The intake is overwhelmingly Japanese, made up of families on corporate postings and others settled in the city who want their children to stay within the Japanese system. For how District 7 and Phu My Hung compare with Thao Dien and the central districts on housing, commute and school choice, the Ho Chi Minh City hub maps out the wider picture for relocating parents.
Japanese School of Ho Chi Minh City reviews
No verified reviews yet. GlobalSchoolGuide is independent and no school pays to be listed, so we publish parent reviews only once we can confirm the reviewer is part of the school community, and you will not find an invented star rating here. If your family has experience of the Japanese School of Ho Chi Minh City, please share it through our school reviews hub to help other relocating parents.
Frequently asked questions
How much are Japanese School of Ho Chi Minh City fees?
The school's fees are set for the Japanese national community it serves and are not directly comparable to the city's international school bands. The school does not publish a public fee schedule in the way the larger international schools do, so contact the school to confirm tuition and any community contributions.
What curriculum does Japanese School of Ho Chi Minh City follow?
The school follows the national curriculum set by the Japanese Ministry of Education and teaches in Japanese. It is designed to match education in public schools in Japan so that students can return there smoothly, and it covers Grade 1 to Grade 9.
What ages does Japanese School of Ho Chi Minh City take?
The school covers elementary and junior high school, Grade 1 to Grade 9, which is roughly ages 6 to 15. It does not run a senior high school or kindergarten in the way some international schools do.
Is Japanese School of Ho Chi Minh City a good school?

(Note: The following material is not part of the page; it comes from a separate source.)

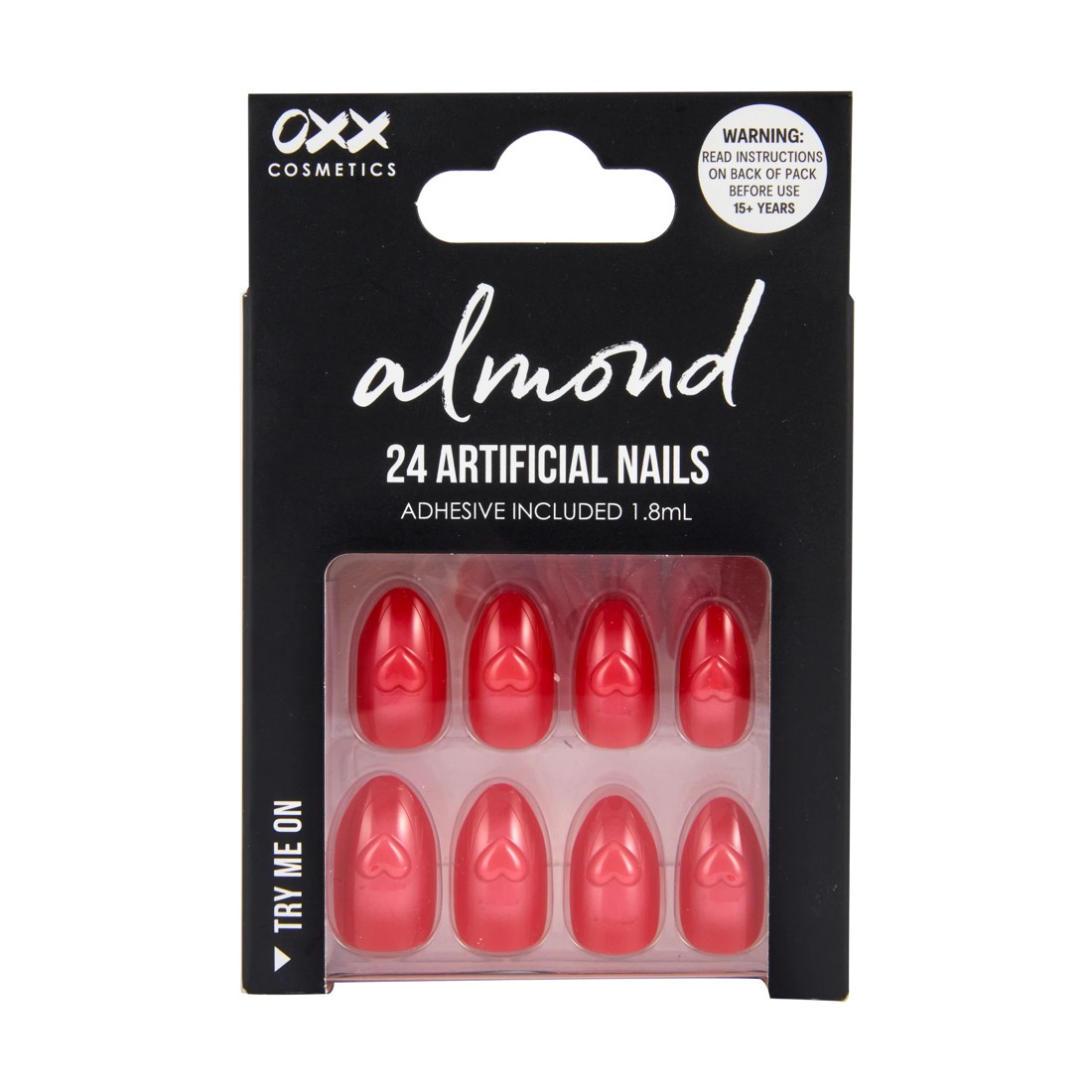 1 OXX Cosmetics 24 Pack Artificial Nails with Adhesive - Almond Shape, Red Hearts, 1 of 5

The school is the established choice for Japanese families who want their children to follow the Japanese national curriculum in Vietnam. As an independent guide we do not rank schools or take payment to feature them, so we point parents to a visit and a conversation with the school about its programme and community.
Who is Japanese School of Ho Chi Minh City for?
It is primarily for Japanese families living in Ho Chi Minh City who want a Japanese language education aligned with schools back home. Families who instead want an English medium international education usually look at the city's IB and British schools.